Copy out the data exactly as it appears, without a single image.

*Given information*:
*** Block opens ***

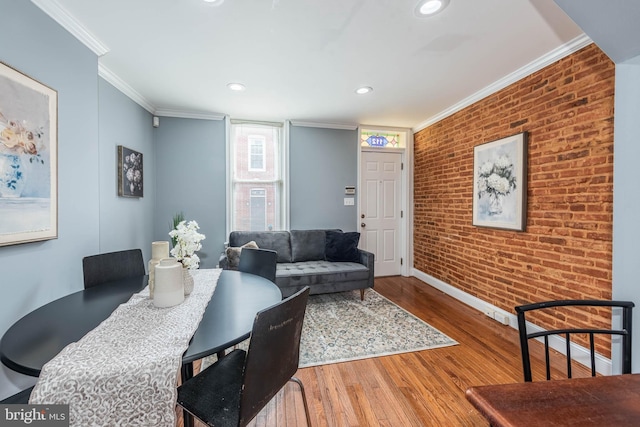 dining room featuring wood-type flooring, ornamental molding, and brick wall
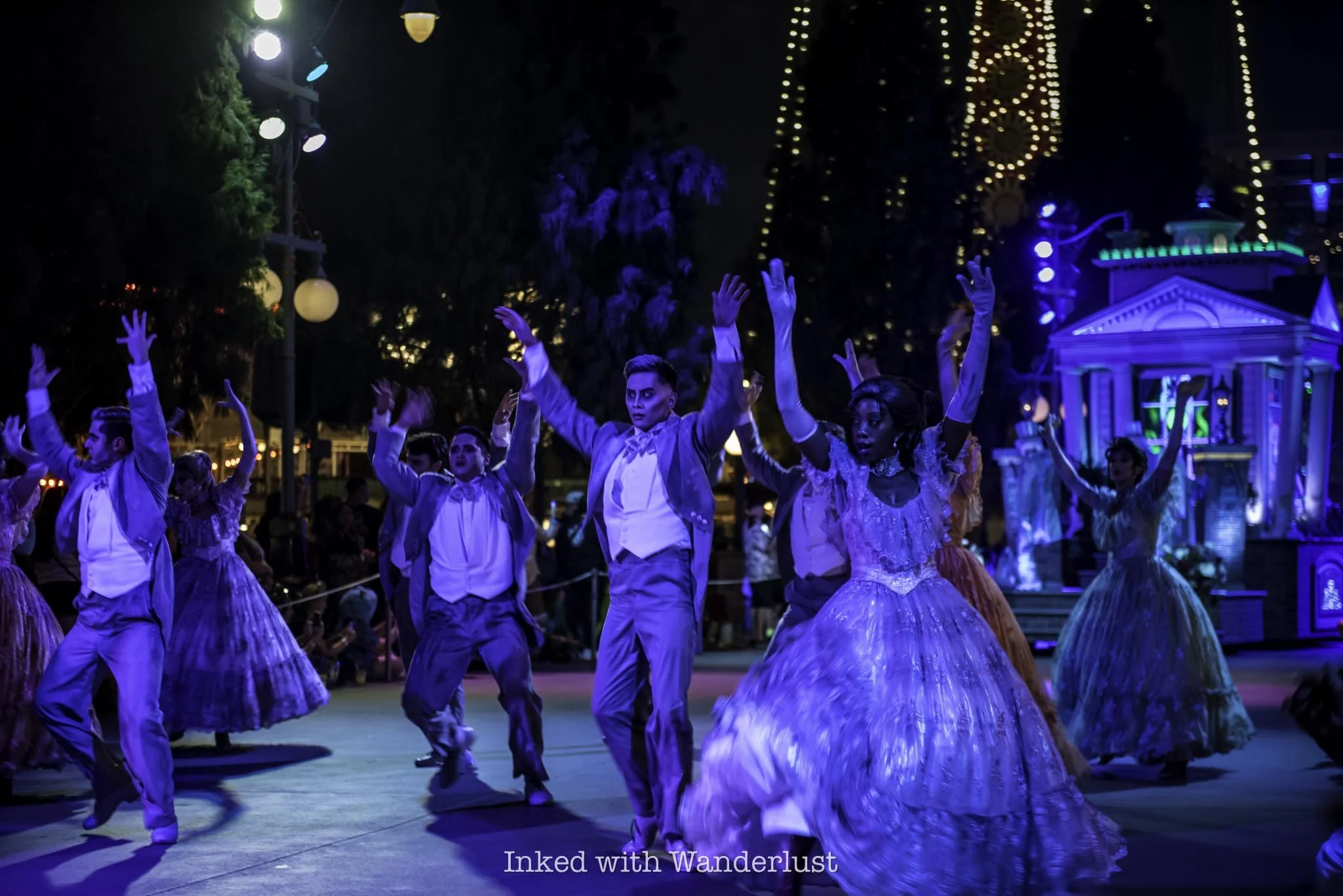 Parade performers with the Haunted Mansion float at Oogie Boogie Bash parade.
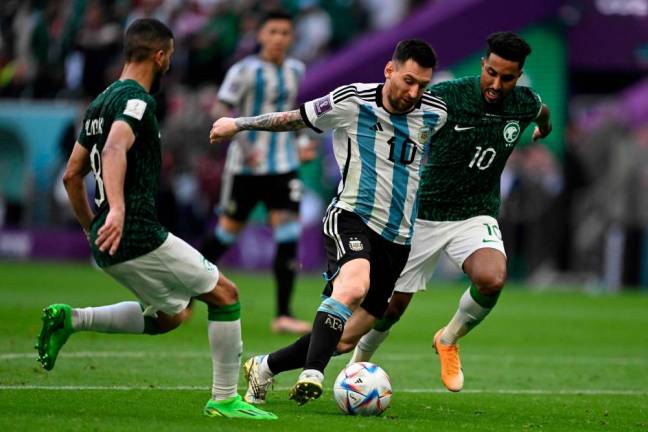 Saudi Arabia’s midfielder #10 Salem Al-Dawsari (R) fights for the ball with Argentina’s forward #10 Lionel Messi during the Qatar 2022 World Cup Group C football match between Argentina and Saudi Arabia at the Lusail Stadium in Lusail, north of Doha on November 22, 2022. AFPPIX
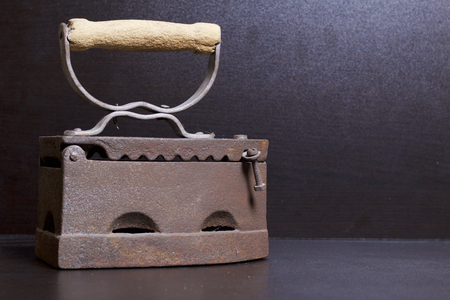 Old iron, heated by hot coals. Located on a dark background.の写真素材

*** Block closes ***

*Your response*:
 dining room featuring wood-type flooring, ornamental molding, and brick wall
 Parade performers with the Haunted Mansion float at Oogie Boogie Bash parade.
 Saudi Arabia’s midfielder #10 Salem Al-Dawsari (R) fights for the ball with Argentina’s forward #10 Lionel Messi during the Qatar 2022 World Cup Group C football match between Argentina and Saudi Arabia at the Lusail Stadium in Lusail, north of Doha on November 22, 2022. AFPPIX
 Old iron, heated by hot coals. Located on a dark background.の写真素材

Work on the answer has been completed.